*Work request*:
Print out the data precisely as it appears here, with no pictures.

--- START ---

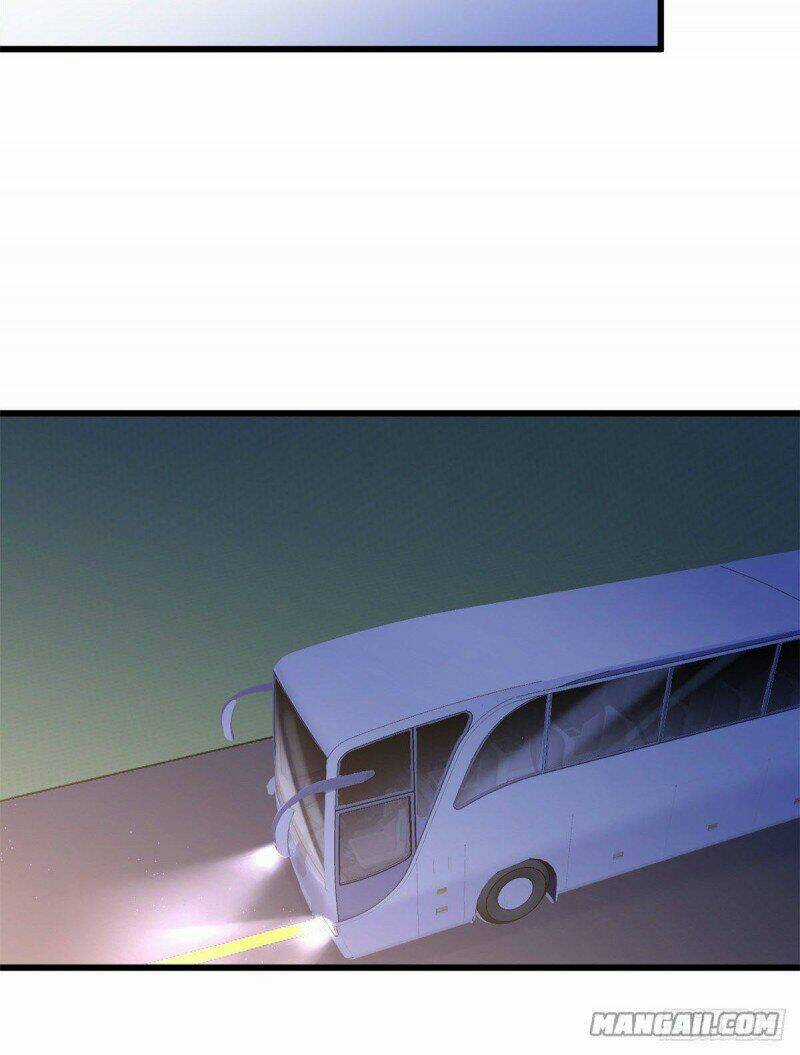 Vẫn Cứ Nhớ Em, Nhớ Em Chapter 23 trang 17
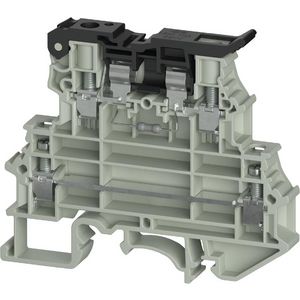 FUSE TERMINAL WTN 4 E FSI220 5X20 VVE=20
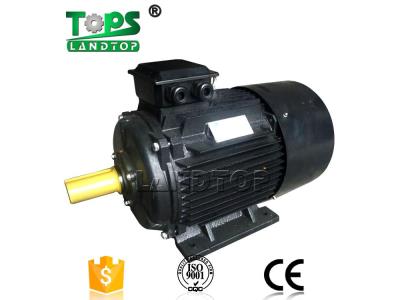 Y2 series three phase ac electric motor - Image 3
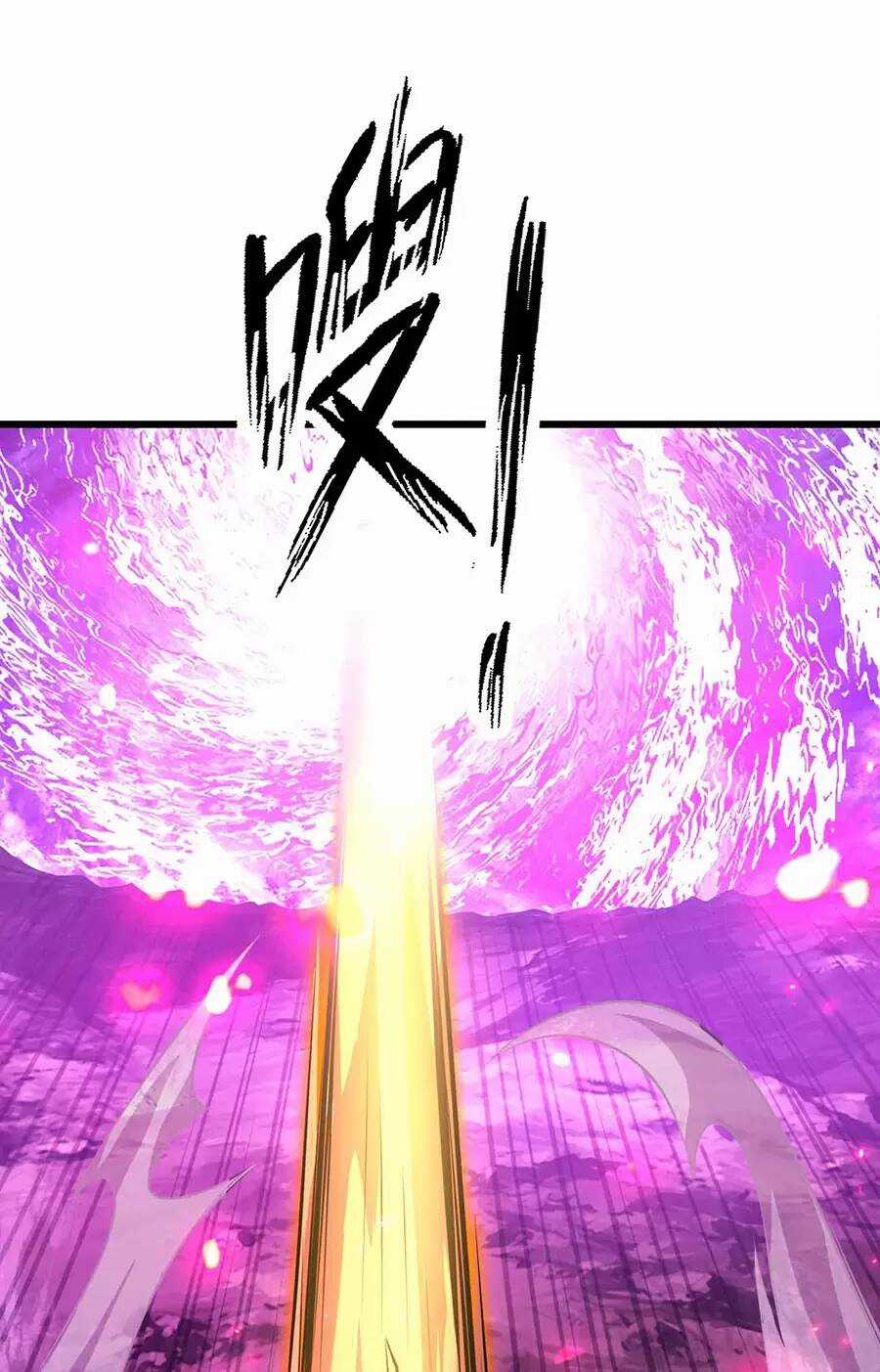 Ma Vương Gian Lận Hệ Thống Chapter 48.1 trang 7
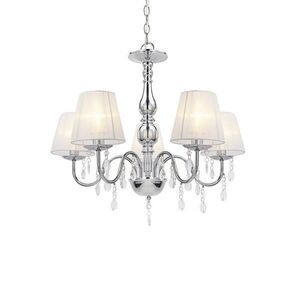 lux.pro LUSTRE lsabelle vyobraziť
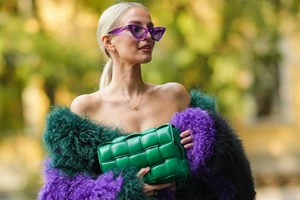 10 beauty advent calendars για να ξεκινήσετε την αντίστροφη μέτρηση για τα Χριστούγεννα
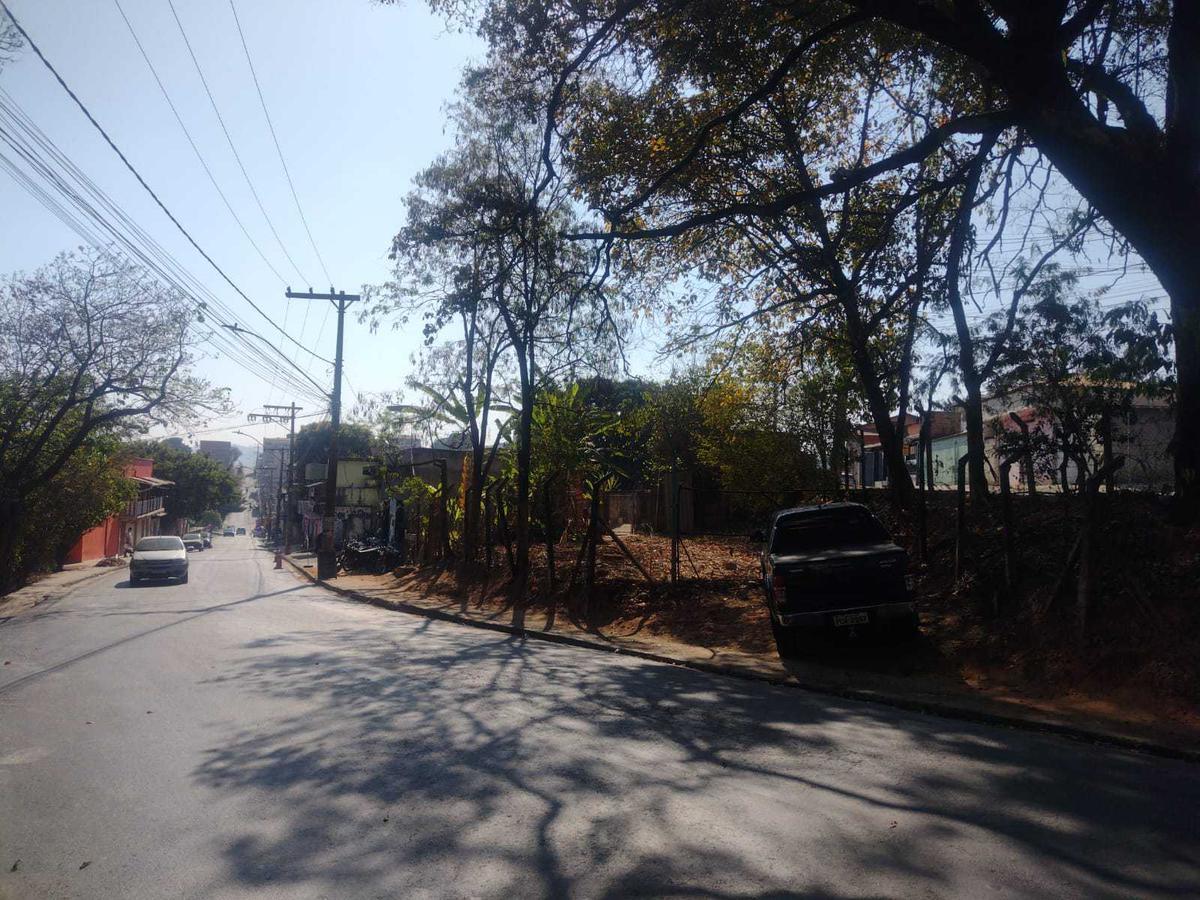 Casa, Sevilha (1 Seção), 1 Quarto, 4 Vagas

--- END ---

*Task result*:
 Vẫn Cứ Nhớ Em, Nhớ Em Chapter 23 trang 17
 FUSE TERMINAL WTN 4 E FSI220 5X20 VVE=20
 Y2 series three phase ac electric motor - Image 3
 Ma Vương Gian Lận Hệ Thống Chapter 48.1 trang 7
 lux.pro LUSTRE lsabelle vyobraziť
 10 beauty advent calendars για να ξεκινήσετε την αντίστροφη μέτρηση για τα Χριστούγεννα
 Casa, Sevilha (1 Seção), 1 Quarto, 4 Vagas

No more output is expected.